The key design constraint is that this remains a **computable** multivariate polynomial representation. In particular, we do **not** want to simply redefine the core in terms of `Finsupp`, because that defeats the purpose of this library’s computable sparse runtime representation.

The design direction described below is the one currently implemented in the in-progress branch:

- sparse monomials as canonical arrays of `(σ × Nat)` entries
- sparse outer polynomial storage as `Std.ExtTreeMap (CMvMonomial σ) R`
- comparator-style assumptions on variables (`Ord` / `TransOrd` / `LawfulEqOrd`), not `LinearOrder`
- `Finsupp` used only at the boundary for `MvPolynomial` interoperability

This issue documents:
- the design choice
- why we think it is the right one
- what alternatives we considered and rejected
- how this compares to other computer algebra systems
- the current blocker: normalization and sorting proofs, especially `qsort` vs `List.mergeSort`

---

## Goal

We want the computable multivariate polynomial layer to support arbitrary variable types `σ`, including possibly infinite ones, while preserving:

- sparse computable storage
- support-driven algorithms
- canonical monomial keys
- a public surface closer to `Mathlib`’s `MvPolynomial σ R`

Today, much of the existing core is built around `Fin n` and dense exponent vectors.
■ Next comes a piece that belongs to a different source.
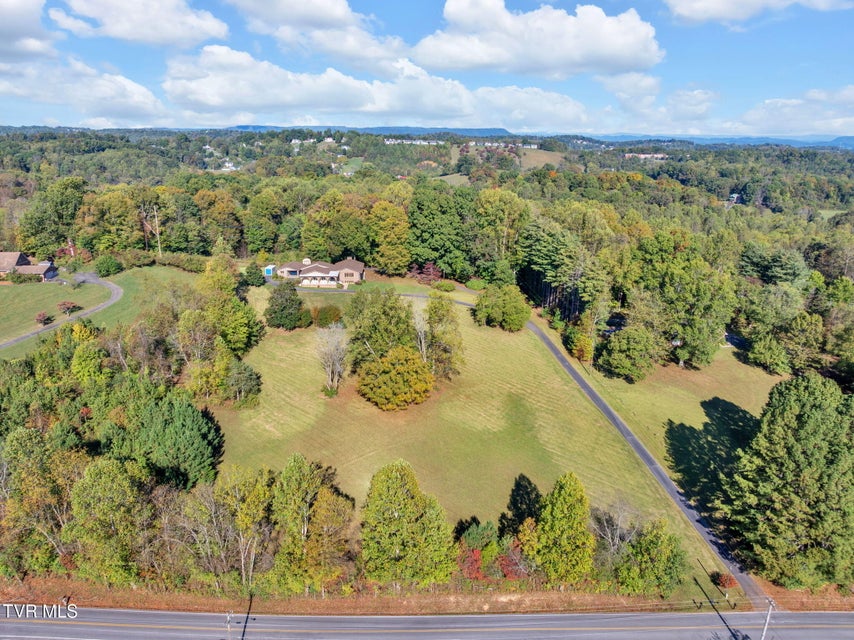 Photo #49: 1080 Hidden Valley Road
That is workable for fixed finite arity, but it bakes ambient-dimension assumptions into many operations and creates friction with the `MvPolynomial` surface.
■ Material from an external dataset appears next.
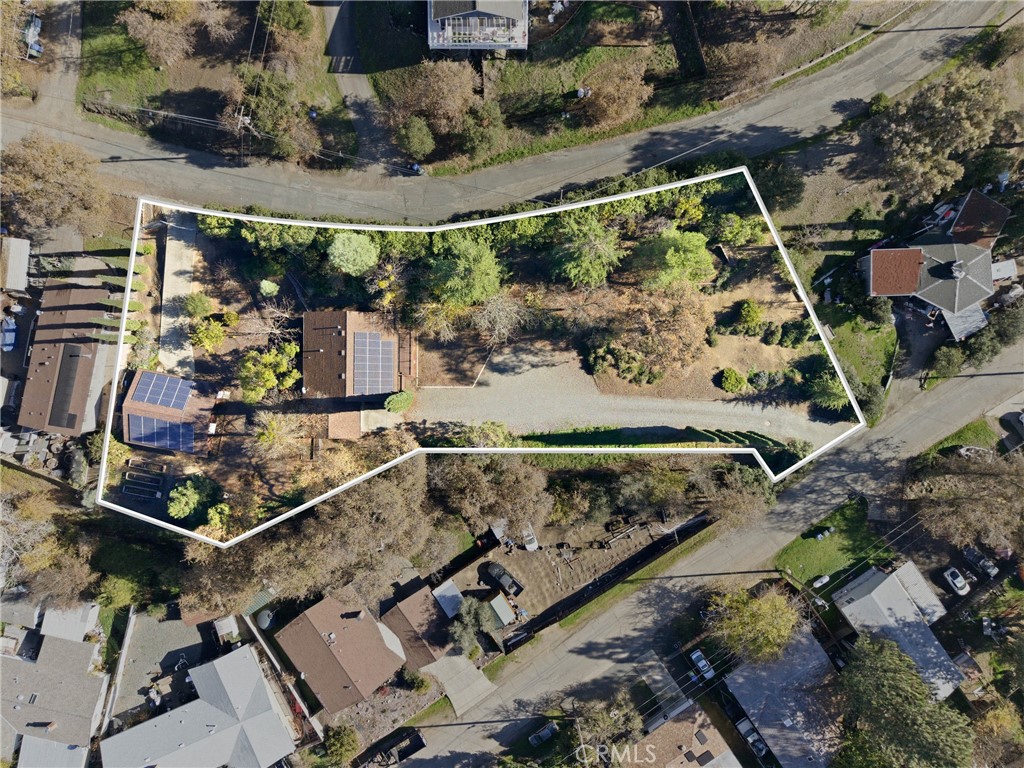 4080 Kensington Way, Lucerne, CA 95458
The generalized core should instead support:

- `X : σ → CMvPolynomial σ R`
- support-driven `degreeOf`, `vars`, `degrees`, `restrictDegree`, `eval`, `rename`, `bind₁`
- variable types `σ` that may be infinite
- a bridge to `MvPolynomial σ R` at the boundary

without sacrificing computability of the core representation.

---

## Chosen design

### Monomials

A monomial is represented as a sparse finite `Nat`-valued map on variables `σ`, where:

- missing variable means exponent `0`
- stored zero exponents are forbidden
- the representation is canonical

Concretely, the runtime representation is:

- a canonical sparse array of `(σ × Nat)` entries
- sorted by variable
- with duplicate variables merged
- with zero exponents removed
- with cached `totalDegree`

The current implementation branch models this through a raw/lawful split:

- `RawMonomial σ` stores:
  - `totalDegree : Nat`
  - `entries : Array (σ × Nat)`
- `CMvMonomial σ` is the canonical lawful wrapper

This preserves the semantic model of a finite `Nat`-valued map while keeping the concrete runtime representation sparse and efficient.

### Polynomials

A polynomial remains a sparse outer map from monomials to coefficients:

- `Unlawful σ R := Std.ExtTreeMap (CMvMonomial σ) R`
- `Lawful σ R := { p : Unlawful σ R // no zero coefficients }`
- `CMvPolynomial σ R := Lawful σ R`

So the overall design is sparse at both levels:

1. sparse monomials
2. sparse outer polynomial map

### Typeclass assumptions on variables

We want to stay at comparator granularity rather than requiring `LinearOrder`.

The intended contract is:

- raw normalization code uses `[Ord σ]`
- lawful monomials / polynomial APIs use `[TransOrd σ] [LawfulEqOrd σ]`

This is the right fit for the stdlib ordered-map world we are already using.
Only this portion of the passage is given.